I WAS astonished to find that I could commit a crime of such magnitude with so little remorse. It is true, the sin had become, in a measure, necessary to my salvation, and that of my wife; but I was only excited, not burdened with guilt, when I did the deed. I had been traveling very rapidly on the downward road, and in a few weeks I had acquired a facility in crime which enabled me to rob the bank of thirty thousand dollars without considering any thing but the peril of being discovered. Fatal facility, which can only be avoided by those who refrain from taking the first step!

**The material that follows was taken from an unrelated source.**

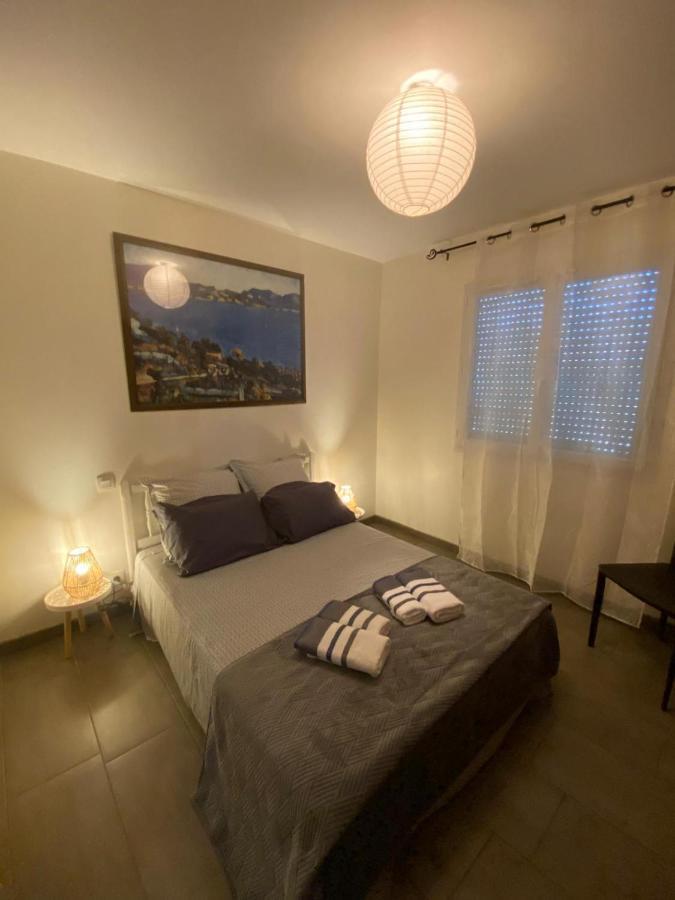 La Rosela De La Cite Bed & Breakfast Palaja Ngoại thất bức ảnh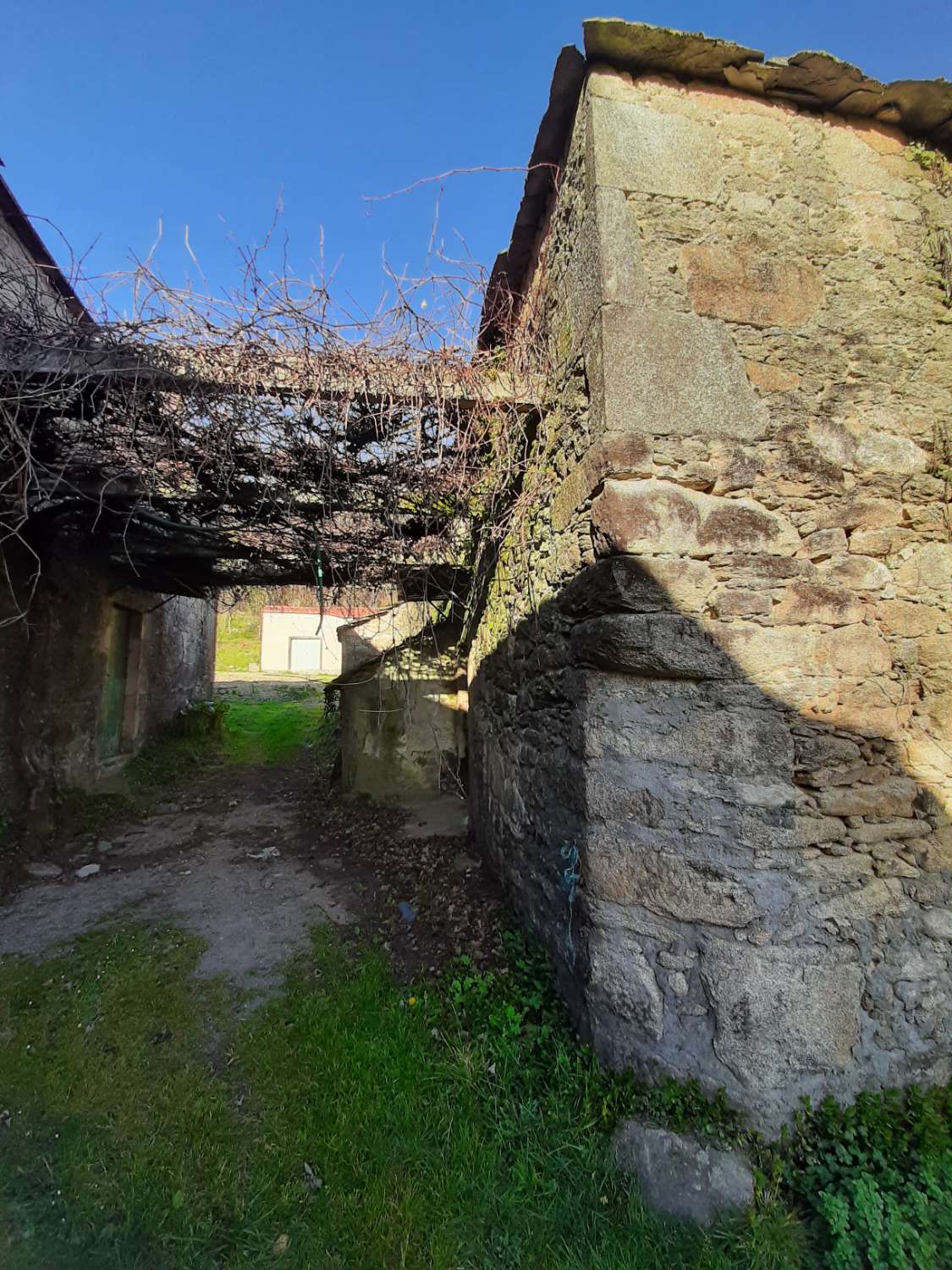 Maison de campagne à restaurer.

I had deluded myself into the belief that principle was only a worldly sense of honor. Tom Flynn was a man of genuine principle, for his actions were based upon a religious foundation, which alone can vitalize principle. A man may be honest because it is safer or more reputable to be so; but then he would steal if it were not for being found out, and will be as dishonest as fashion or custom will tolerate. When I had leisure to think of the matter, I marvelled that I had fallen so easily; and this was the explanation I made to myself.

Tom Flynn had said as much as this to me, in the way of argument, assuring me it was quite impossible for a man without the love of God and the love of man in his heart—which is the epitome of the whole gospel—to have any genuine principle in his soul. Any thing short of this is mere sentiment, which is blown aside by the rude blast of temptation. The hymn he used to sing so much seemed to tell the whole story:—

“I want a principle within

Of jealous, godly fear;

A sensibility to sin,

A pain to find it near.”

Worldly honor, the fear of discovery, the bubble of reputation, are not enough to keep a man in the path of rectitude. But I will not anticipate the reflections which were forced upon me afterwards. I did not believe I was much worse than the majority of young men. I certainly did not mean to steal when I began to take money from the bank; and even when I found it necessary to flee from the anticipated consequences of my errors, I had a certain undefined expectation of being able to restore all I had taken. The fortune of Aunt Rachel still flitted through my mind as the solution of the difficult problem.

I left the bank struggling to look cool and indifferent. I bowed and spoke to my acquaintances as naturally as possible. In two or three hours more I should be out of the city, perhaps never to see it again. I could not even go down to Springhaven to see my mother—probably I had seen her for the last time on earth. My blood seemed like ice as the thought came to my mind. I reflected upon all she had been to me, all she had done for me. The prayers and the hymns she had taught me in my childhood came back to me as though I had learned them but yesterday. I was amazed at my own folly and wickedness. What a blow I was dealing to that mother! When she heard that her only son had fled from his home, steeped in crime, and covered with shame how she would weep! For days months and years she would groan in bitterness of spirit.

What a wretch, what a villain, what an ingrate I was to strike her in this cruel manner! My sense of worldly honor would have revolted at the thought of giving her even the slightest blow with my hand; but how inconceivably more cruel was the blow I was giving her by my conduct! Could I have sooner realized the anguish which the thought of my mother would cause me, I think it might have saved me.